▶ _Image-caption web data_

————

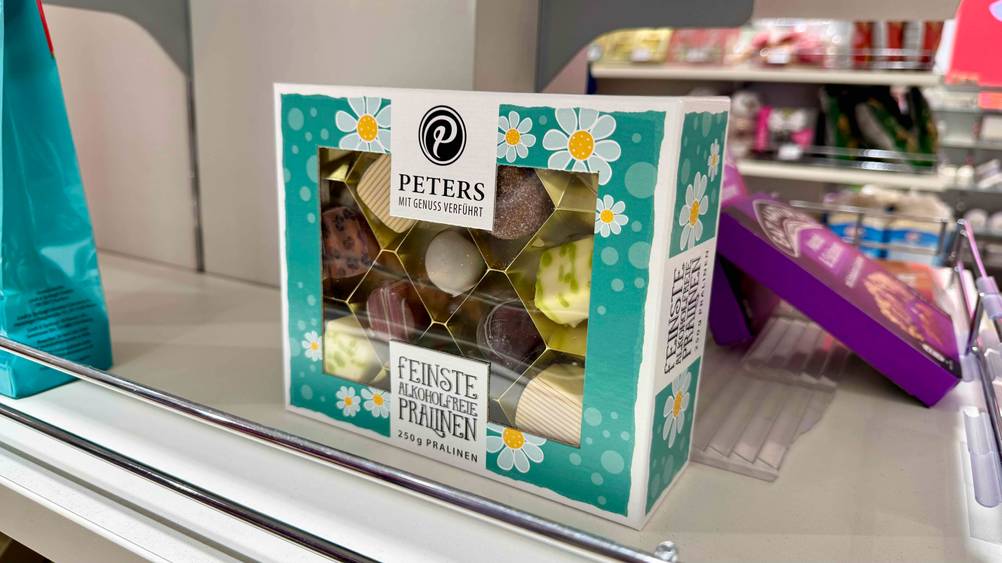 Die getesteten Peters-Pralinen, die sich in der transparenten Verpackung befinden, stehen in einem Regal.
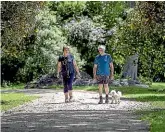  ?? ?? Irene and John Whittaker and their pooch Poppy have welcomed the winding, shady path. ‘‘The dog hates the sun,’’ says Irene.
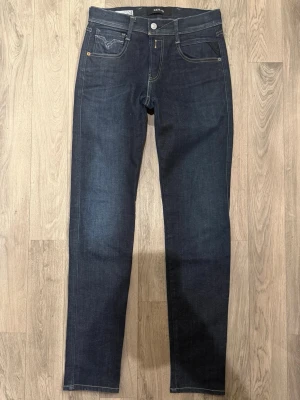 Replay Anbass Hyperflex Dry Jeans Mörkblå W29/L32 - Slim Fit - Replay Anbass Hyperflex Dry mörkblå jeans i stretchig Hyperflex denim med slim fit passform som sitter snyggt och bekvämt och funkar till allt, storlek W29/L32, midja 36,5 cm, ytterbenslängd 105 cm, benöppning 15 cm, modellen är 185cm & väger 65kg, i fint skick.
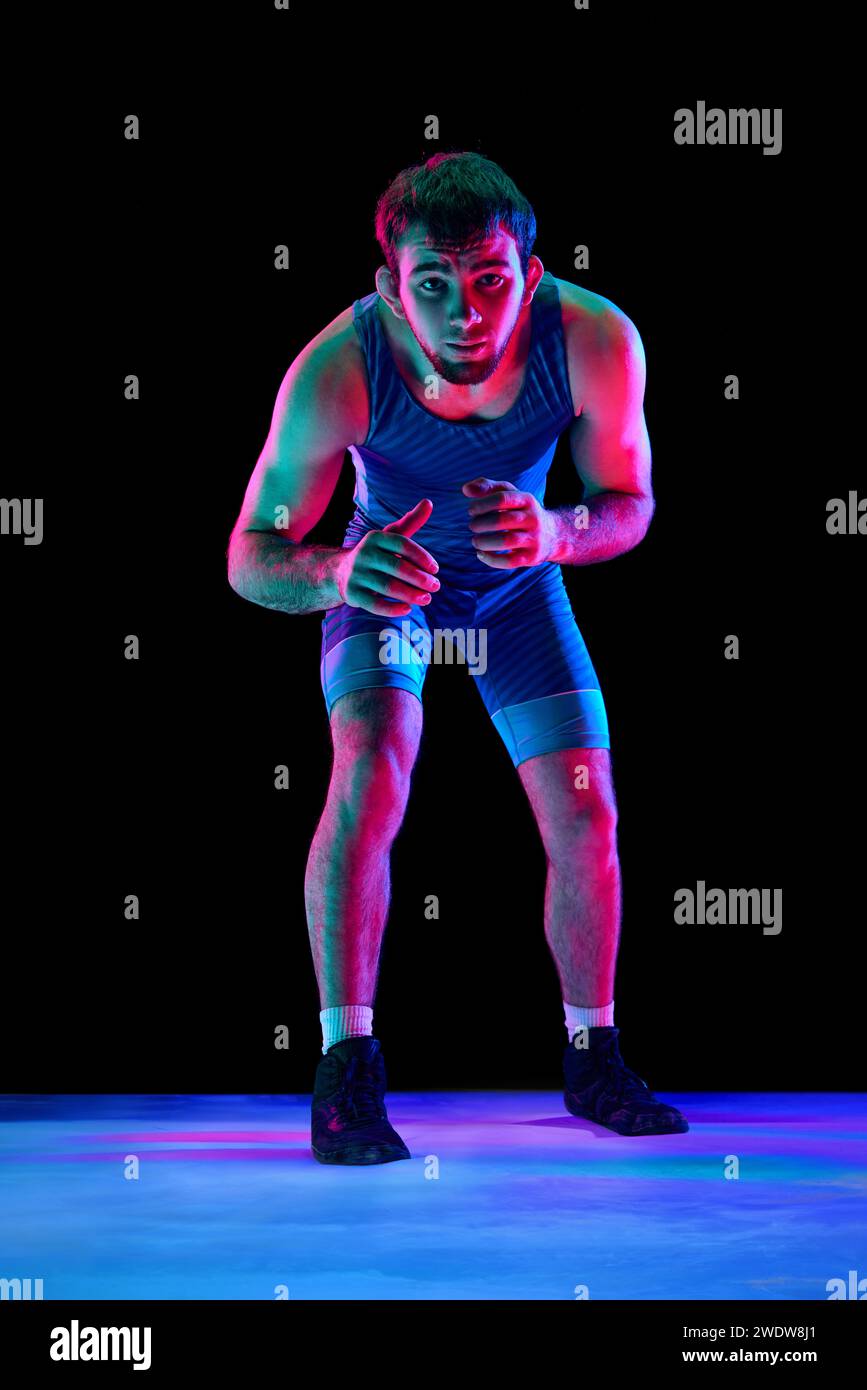 Sportsman, lutteur freestyle dans des collants de sport bleus se tient en position d'attaque et regardant ta caméra sur fond noir dans des lumières de néon mixtes. Banque D'Images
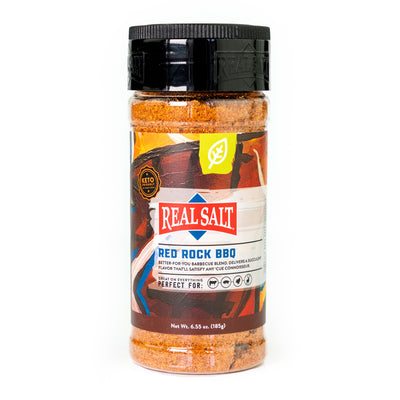 A jar of Real Salt Red Rock BBQ rub sits against a white background, showcasing its vibrant label and keto-friendly ingredients. 
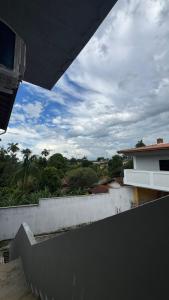 a view from the balcony of a house with a sky at Cantinho dos Pássaros Centro Penedo RJ in Penedo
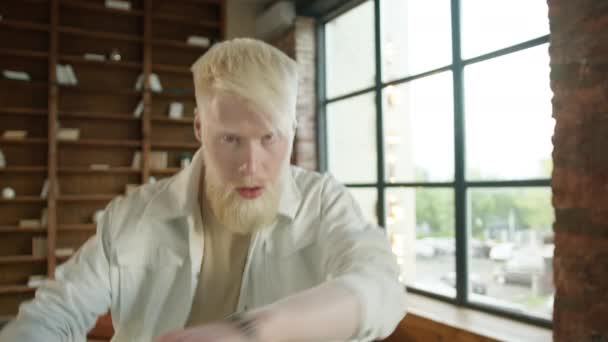 Vreemde albino man verloor het contact met de buitenwereld, trekken zich terug in zichzelf vanwege techno muziek in stedelijke stijl huis. Jonge dronken man met baard actief dansen in loft design appartement achtergrond - Video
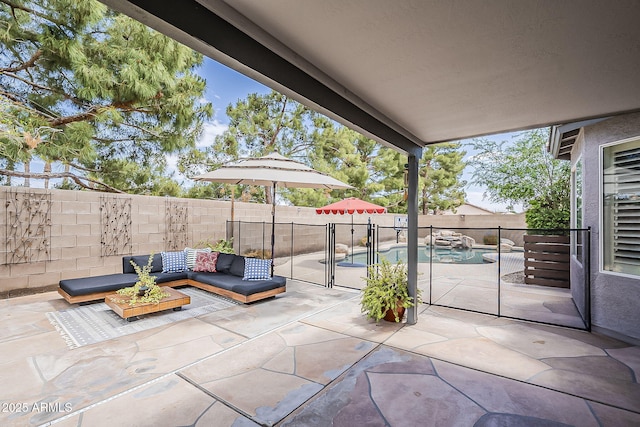 view of patio / terrace featuring a fenced backyard, a fenced in pool, and an outdoor hangout area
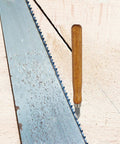 Badass Marking Knife Set High Carbon Steel Blades With Double Bevel Edges And Ergonomic Grip Handle on wood backdrop next to a saw.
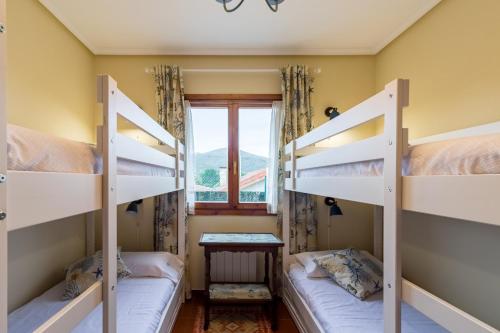 a room with two bunk beds and a window at Las Camelias in Argoños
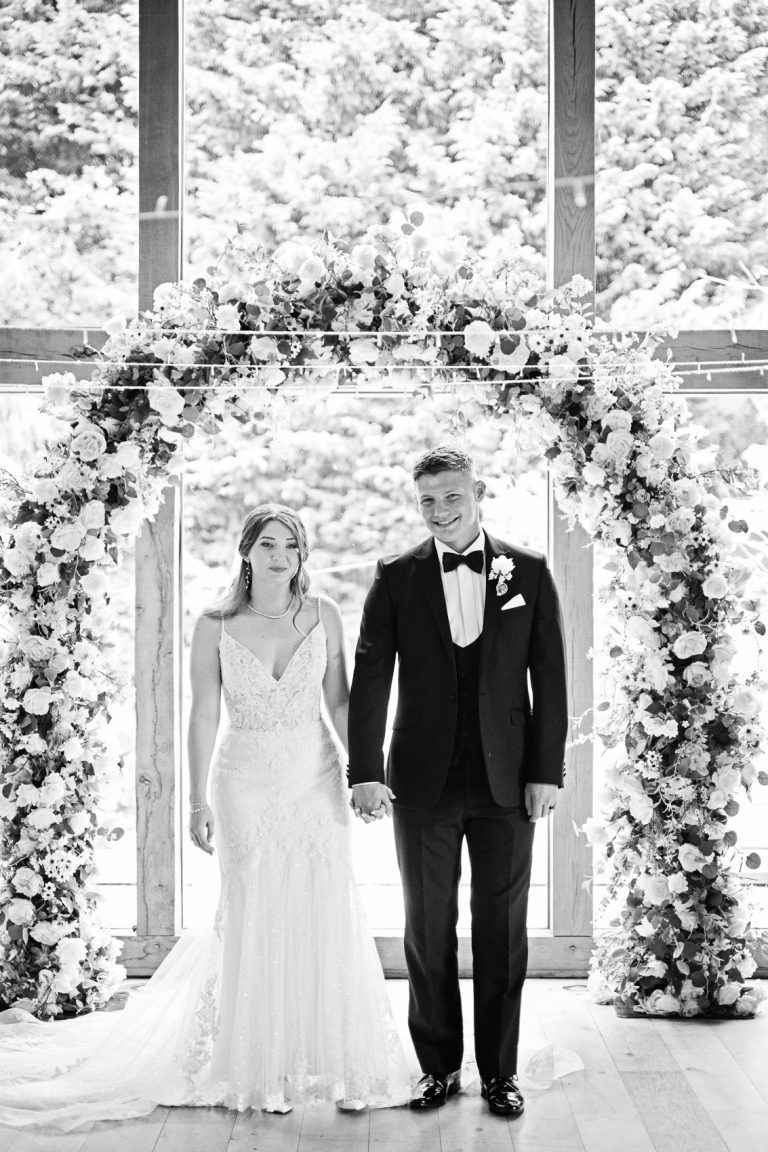 Bride and groom hold hands as they stand in front of a flower arch at The Mill Barns. B&W image.
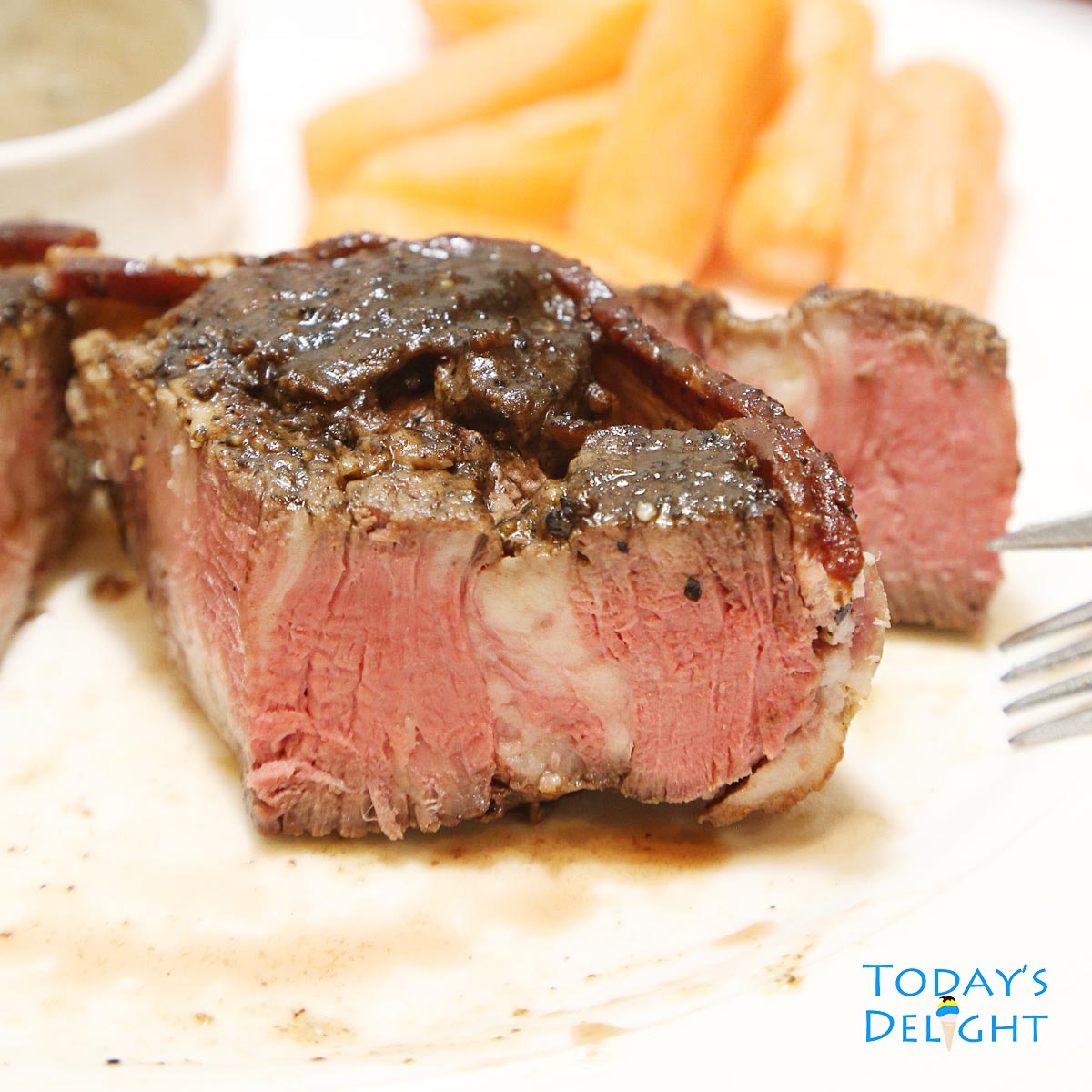 Sliced filet mignon cooked to medium doneness with mushroom sauce and baby carrots on the side.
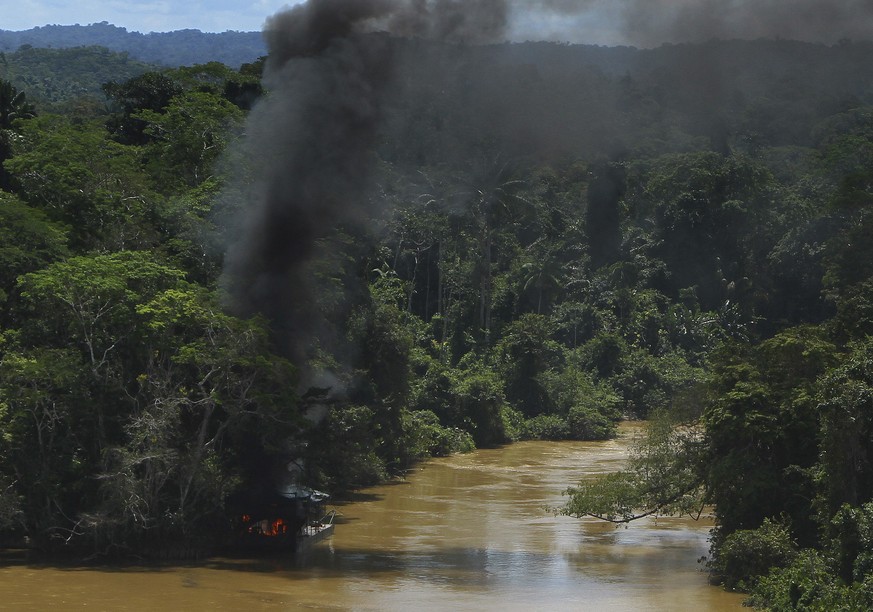 Une fumée noire s'élève d'un site d'orpaillage détruit.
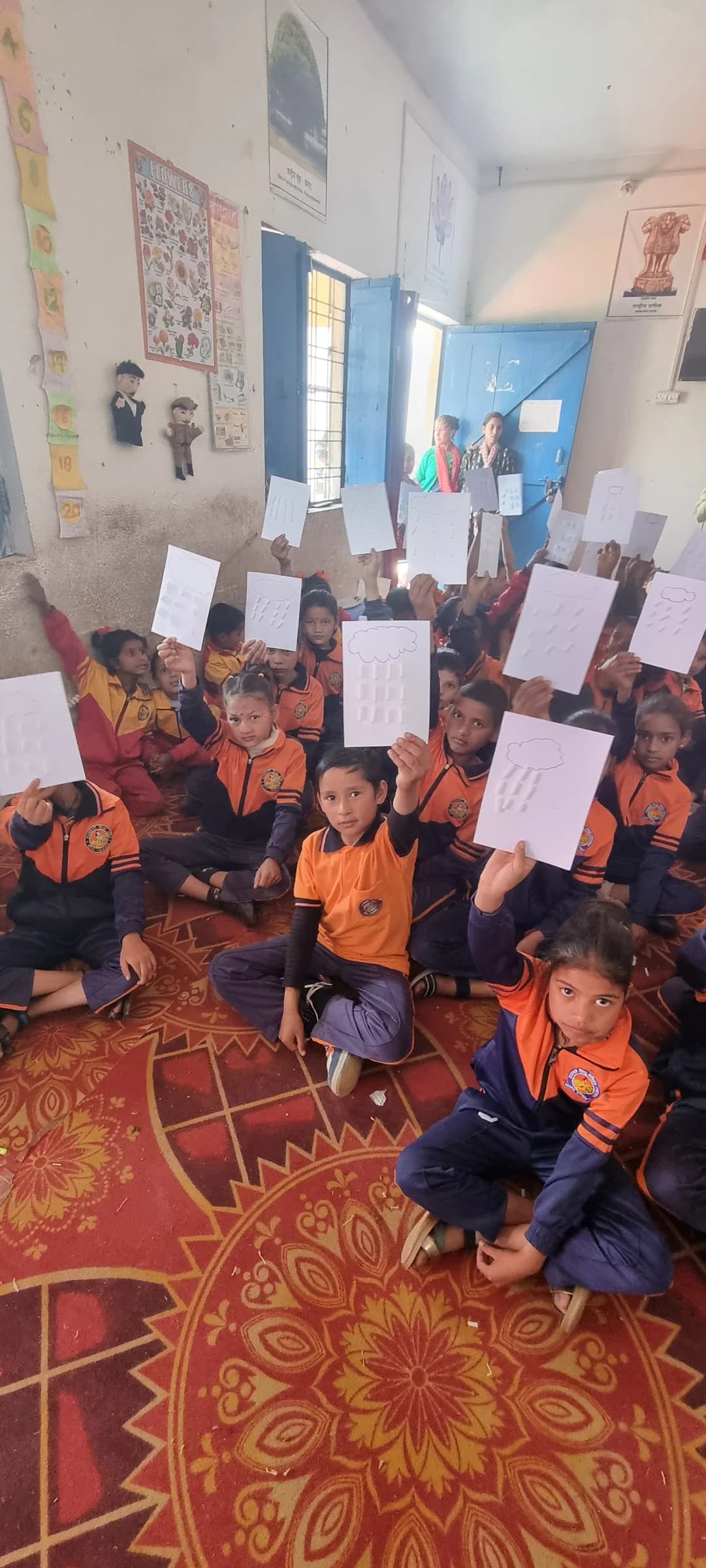 Children at Saraswati Shishu Mandir holding artwork from a clouds and rain workshop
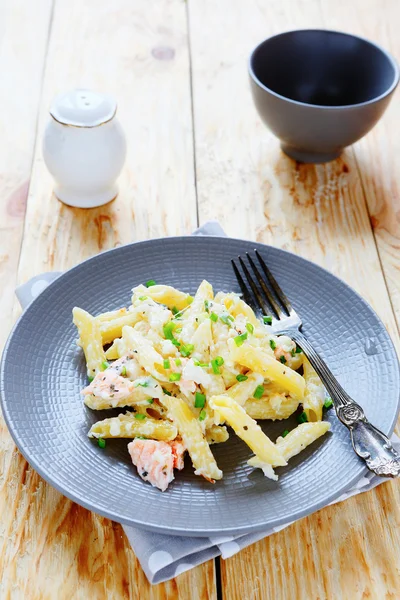 Penne pasta with slices of salmon — Stock Photo, Image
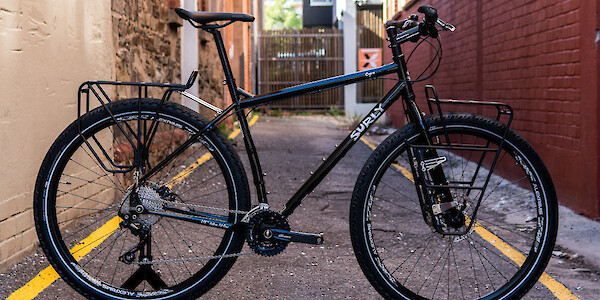 A custom-built black Surly Ogre touring bicycle in a narow alleyway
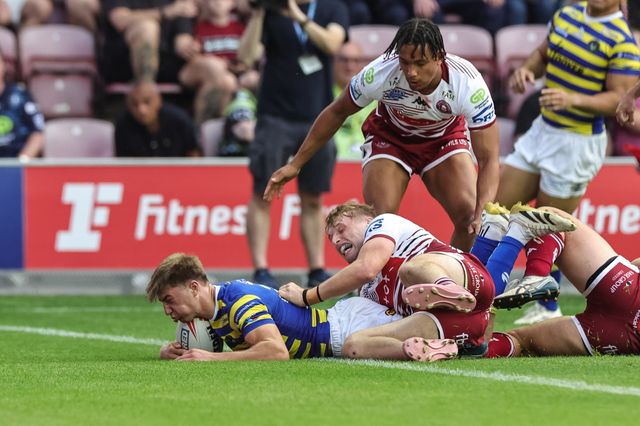 Ewan Irwin of Warrington Wolves goes over for a try during the Betfred Super League round 18 match Wigan Warriors vs Warrington Wolves at The Brick Community Stadium, Wigan, United Kingdom on 10 July 2026

(Photo by Mark Cosgrove/News Images)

————

Leave the pictures aside and print exactly, and only, the lines from the one with "Bride and groom" through the end of the data, both included.

 Bride and groom hold hands as they stand in front of a flower arch at The Mill Barns. B&W image.
 Sliced filet mignon cooked to medium doneness with mushroom sauce and baby carrots on the side.
 Une fumée noire s'élève d'un site d'orpaillage détruit.
 Children at Saraswati Shishu Mandir holding artwork from a clouds and rain workshop
 Penne pasta with slices of salmon — Stock Photo, Image
 A custom-built black Surly Ogre touring bicycle in a narow alleyway
 Ewan Irwin of Warrington Wolves goes over for a try during the Betfred Super League round 18 match Wigan Warriors vs Warrington Wolves at The Brick Community Stadium, Wigan, United Kingdom on 10 July 2026

(Photo by Mark Cosgrove/News Images)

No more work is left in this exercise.